* [What you have to do]:
Every line below is to be set down again exactly; any image stays out.
>>>>
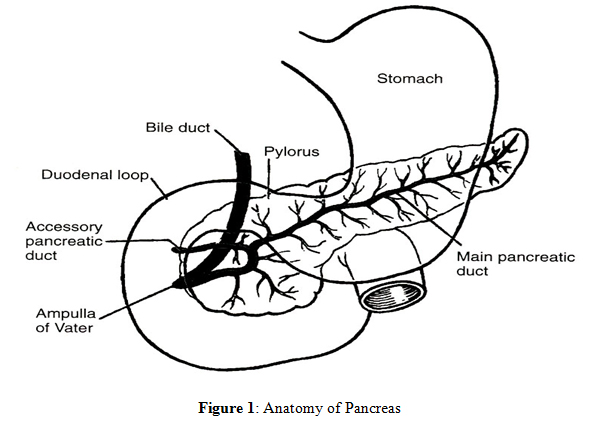 Pancreas Page Coloring Pages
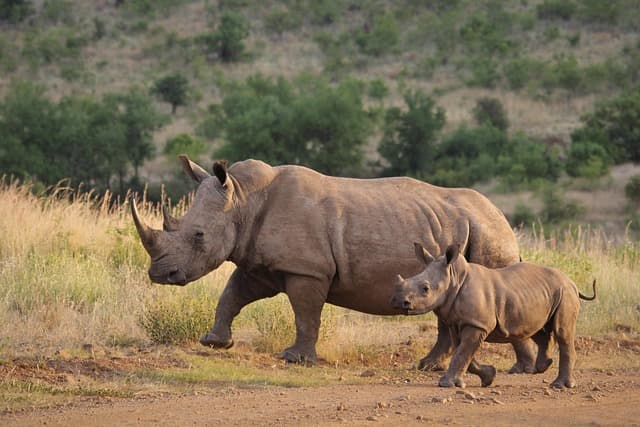 Safaris Partners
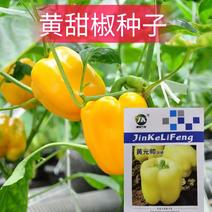黄元帅甜椒种子金贵彩椒圆椒种子甜椒品种农家庭院种植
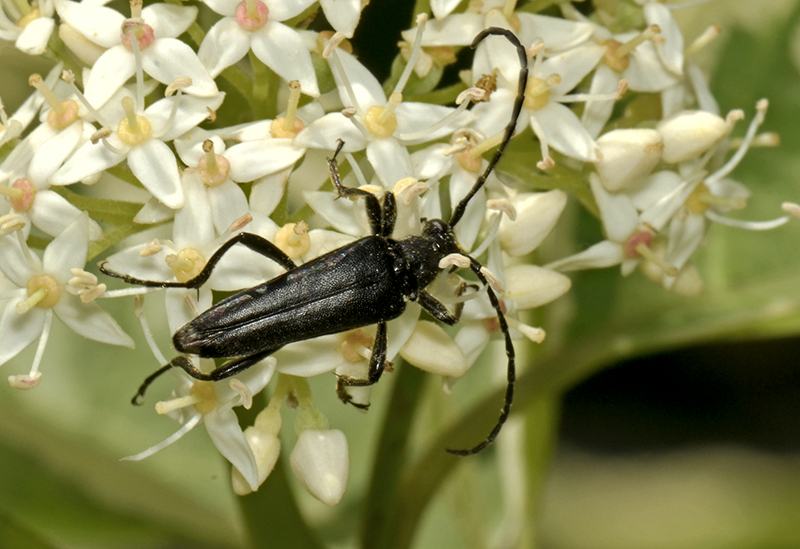 Strangalia aethiops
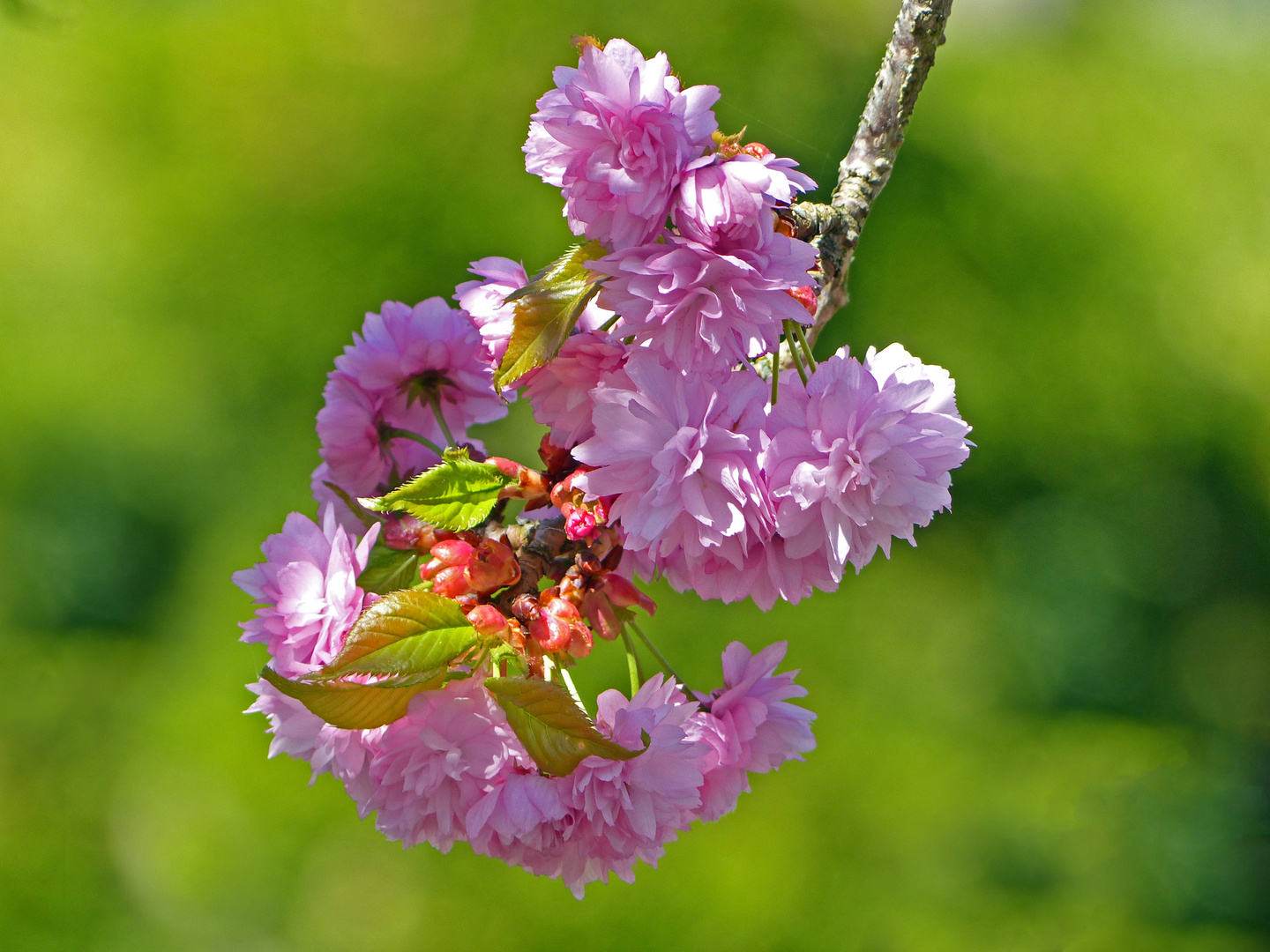 Rosa Farbrausch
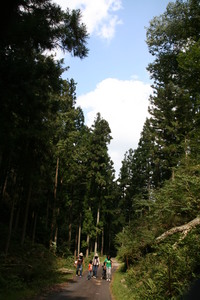 SW in 和良川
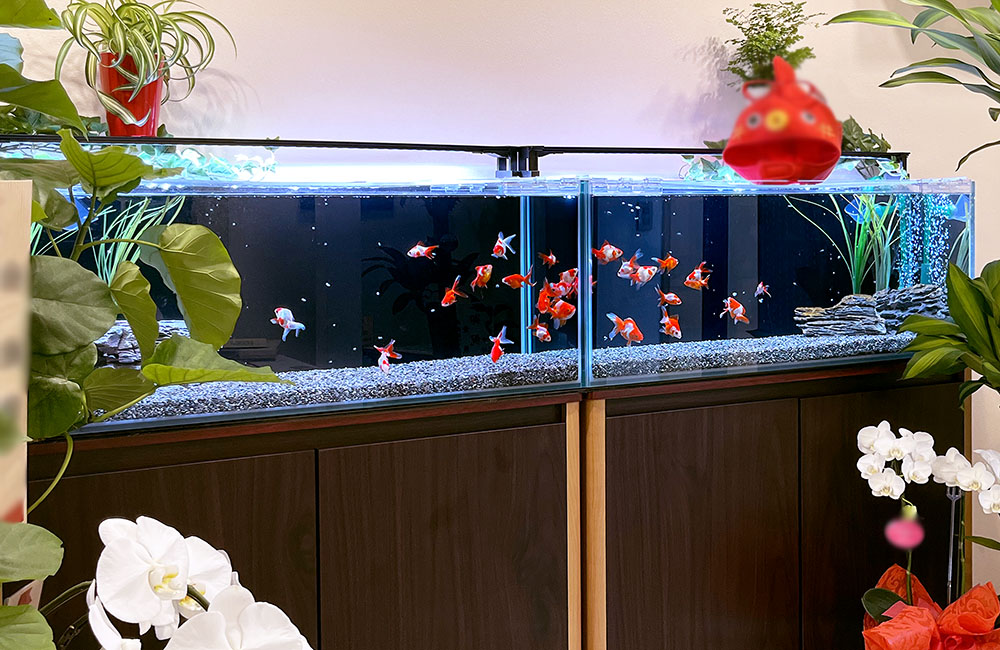 金魚水槽 複数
<<<<
* [Answer for the task]:
 Pancreas Page Coloring Pages
 Safaris Partners
黄元帅甜椒种子金贵彩椒圆椒种子甜椒品种农家庭院种植
 Strangalia aethiops
 Rosa Farbrausch
 SW in 和良川
 金魚水槽 複数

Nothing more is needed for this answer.